Producing and selling a show is a lot and it can be very easy to get caught up in focusing just on that show and neglect the bigger picture for your business.
Having a marketing plan for your theatre company helps you to continue to grow your audience even when you’re not producing a show. This means you don’t need to start from square one every time you launch a new play.
Making a full-blown marketing plan can be daunting, so I’ve made a list of 5 theatre marketing basics you need to think about so that you can work on building and growing your indie theatre company outside of just promoting shows.
This might be for you if you’re:
Producing a play for the first time
Starting your own theatre company (or another creative business)
Have a theatre company but haven’t really thought much about the marketing
1. Who is your ideal Customer
(Hint: it’s not your mum, and it’s not “everyone”).

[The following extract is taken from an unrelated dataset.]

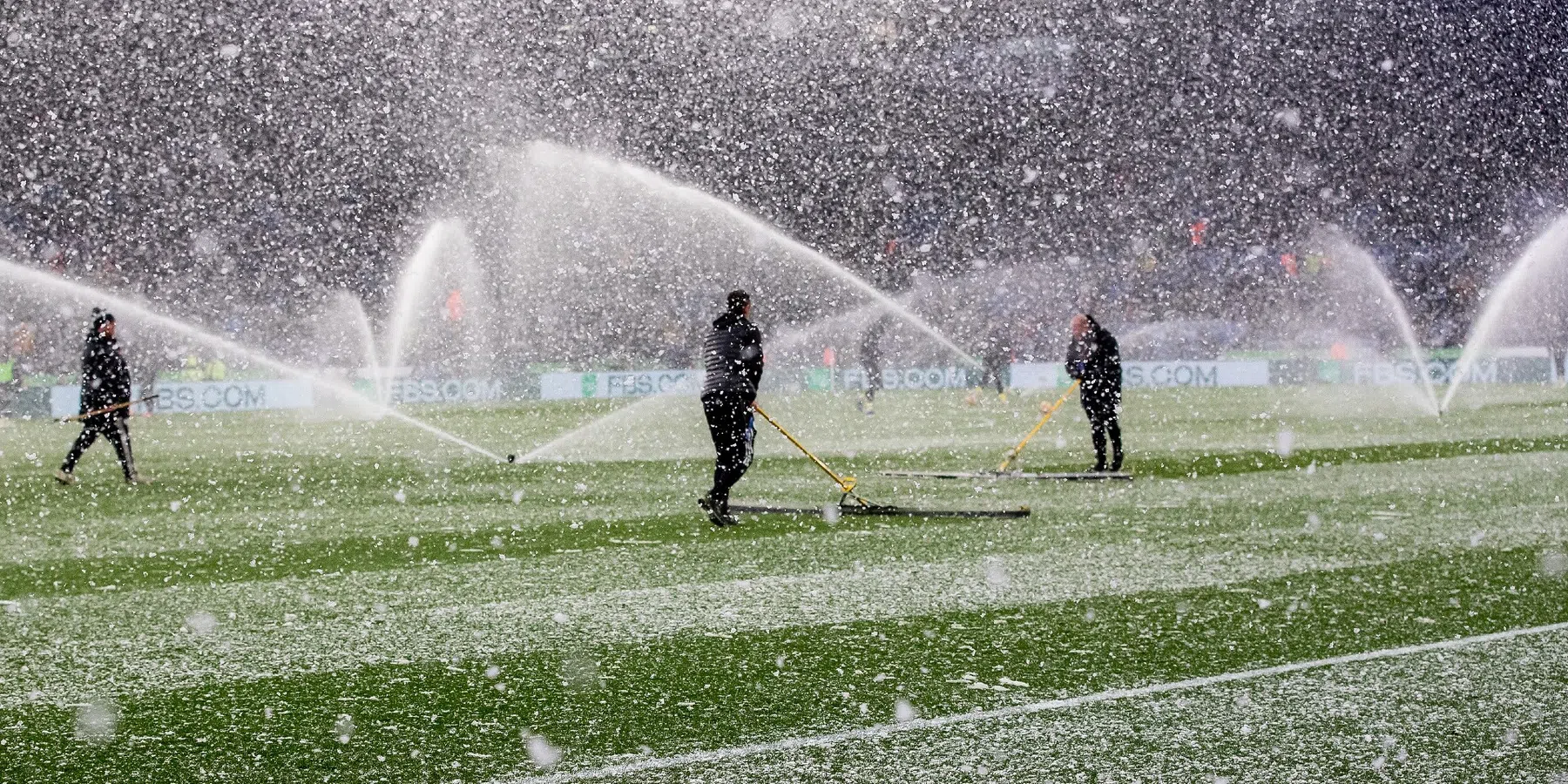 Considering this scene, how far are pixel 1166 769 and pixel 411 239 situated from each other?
53.4 m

Not everyone is into everything, and that’s fine, but it’s important to know who your people are so you can focus your attention on them. To use an acting analogy here, it’s the same as being specific about character’s motivation. If your character has a clear objective, are you going to just loosely pursue it with everyone, or will you go directly to the person that can give you what you want? The latter, right? Same for marketing.

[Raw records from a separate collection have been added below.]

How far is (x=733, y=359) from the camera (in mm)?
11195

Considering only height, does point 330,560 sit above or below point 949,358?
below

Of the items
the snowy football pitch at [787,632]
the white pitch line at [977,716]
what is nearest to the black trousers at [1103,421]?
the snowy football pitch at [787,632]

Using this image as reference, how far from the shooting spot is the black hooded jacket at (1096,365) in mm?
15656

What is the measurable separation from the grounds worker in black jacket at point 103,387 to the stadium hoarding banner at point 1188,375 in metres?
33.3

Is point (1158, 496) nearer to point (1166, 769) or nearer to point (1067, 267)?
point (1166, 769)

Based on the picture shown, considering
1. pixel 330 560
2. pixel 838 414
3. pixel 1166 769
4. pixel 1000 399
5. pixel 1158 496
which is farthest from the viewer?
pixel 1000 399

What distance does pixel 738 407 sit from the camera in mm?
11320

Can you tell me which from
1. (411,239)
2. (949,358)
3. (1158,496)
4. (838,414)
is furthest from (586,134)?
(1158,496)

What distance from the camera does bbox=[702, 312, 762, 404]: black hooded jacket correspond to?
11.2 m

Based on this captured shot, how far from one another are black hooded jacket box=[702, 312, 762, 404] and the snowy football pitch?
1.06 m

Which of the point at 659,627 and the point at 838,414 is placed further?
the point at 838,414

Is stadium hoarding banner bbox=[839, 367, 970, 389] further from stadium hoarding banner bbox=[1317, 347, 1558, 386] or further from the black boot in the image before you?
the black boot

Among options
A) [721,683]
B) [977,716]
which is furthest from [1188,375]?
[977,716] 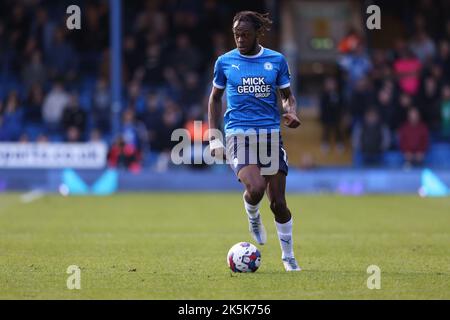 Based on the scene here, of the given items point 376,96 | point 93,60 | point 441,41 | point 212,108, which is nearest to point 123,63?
point 93,60

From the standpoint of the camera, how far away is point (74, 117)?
25.5m

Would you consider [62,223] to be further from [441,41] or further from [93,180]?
[441,41]

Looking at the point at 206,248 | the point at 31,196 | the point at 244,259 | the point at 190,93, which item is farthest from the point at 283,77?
the point at 190,93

Think about your ideal customer - the person who is going to buy tickets to all of your shows. Get creative with this: give them a name, age, job, suburb. What do they love to do? What is important to them? Where do they get their information? Which way do they vote? How do they get to work? What motivates them? Draw them and stick the picture above your desk, because they will guide all your marketing decisions – how can you speak directly to them?
2. Think about your branding
I love branding, and if you’re a theatre person you probably will too because it’s just building a character.

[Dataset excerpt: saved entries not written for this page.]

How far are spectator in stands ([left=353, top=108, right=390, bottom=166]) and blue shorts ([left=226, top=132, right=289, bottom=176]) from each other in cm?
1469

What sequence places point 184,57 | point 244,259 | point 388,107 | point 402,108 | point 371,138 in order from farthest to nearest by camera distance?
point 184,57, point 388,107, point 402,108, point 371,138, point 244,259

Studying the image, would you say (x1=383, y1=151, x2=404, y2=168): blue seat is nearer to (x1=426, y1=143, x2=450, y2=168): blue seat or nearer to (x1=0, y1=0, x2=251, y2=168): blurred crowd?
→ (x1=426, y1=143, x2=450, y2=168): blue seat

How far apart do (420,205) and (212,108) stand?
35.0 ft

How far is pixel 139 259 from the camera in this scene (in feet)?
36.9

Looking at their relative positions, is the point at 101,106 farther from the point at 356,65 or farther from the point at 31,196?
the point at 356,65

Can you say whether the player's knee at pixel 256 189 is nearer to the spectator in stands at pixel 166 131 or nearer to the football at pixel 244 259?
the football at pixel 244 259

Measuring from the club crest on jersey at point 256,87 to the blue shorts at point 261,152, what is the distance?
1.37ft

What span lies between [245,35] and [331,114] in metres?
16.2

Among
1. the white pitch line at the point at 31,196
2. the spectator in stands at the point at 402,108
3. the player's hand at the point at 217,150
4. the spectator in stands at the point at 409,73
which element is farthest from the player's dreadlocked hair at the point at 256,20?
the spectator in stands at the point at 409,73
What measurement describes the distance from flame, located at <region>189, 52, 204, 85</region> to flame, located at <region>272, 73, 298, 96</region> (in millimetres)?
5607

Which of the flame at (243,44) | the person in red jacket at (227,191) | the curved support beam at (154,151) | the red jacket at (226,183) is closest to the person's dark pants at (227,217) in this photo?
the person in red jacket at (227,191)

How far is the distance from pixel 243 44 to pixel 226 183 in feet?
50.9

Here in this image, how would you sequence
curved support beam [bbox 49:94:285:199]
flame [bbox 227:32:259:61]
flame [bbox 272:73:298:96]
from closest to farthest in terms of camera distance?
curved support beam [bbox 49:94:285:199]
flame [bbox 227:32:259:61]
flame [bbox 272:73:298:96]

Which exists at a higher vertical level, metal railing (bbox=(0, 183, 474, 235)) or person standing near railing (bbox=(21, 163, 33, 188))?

When you see a character on stage you interpret a bunch of elements to build your idea of them: what they wear, how they move, what they say, how they say it, how other people react to them and so on. Branding is exactly that, it’s all the elements that shape how people see and think about your business.
Good branding - like interesting, fully rounded characters - is not just the aesthetics – the colours, fonts, logo – or what you say about yourself: it’s also what you do, and it’s all got to be consistent. A character might say they are one thing and do the opposite (looking at you Iago) – and sure, this makes for interesting drama, but you don’t trust the character. You want people to trust your brand, so you have to be consistent.
Think about some theatre companies, if they were people, who would they be? Sydney Theatre Company would be a very different person to Red Line Productions or Griffin Theatre.
What about you – what’s the character of your business?
3. Have a website
You need a website. A Facebook page just isn’t going to cut it. A website is like your digital shopfront, it’s a space that is entirely yours* and you can use it to connect with people. A website will also give you a nice sense of legitimacy: if someone googles you and finds a great website (with excellent branding!) your credibility has just gone up +5.
No web skills, no problem: there are heaps of drag and drop website tools and some chic templates ranging from free to a couple hundred dollars. Just remember, at the end of the day it’s not about having all the bells and whistles on your page, your priority is connecting with your audience. It’s not about you, it’s about them. Make the information interesting and easy to find.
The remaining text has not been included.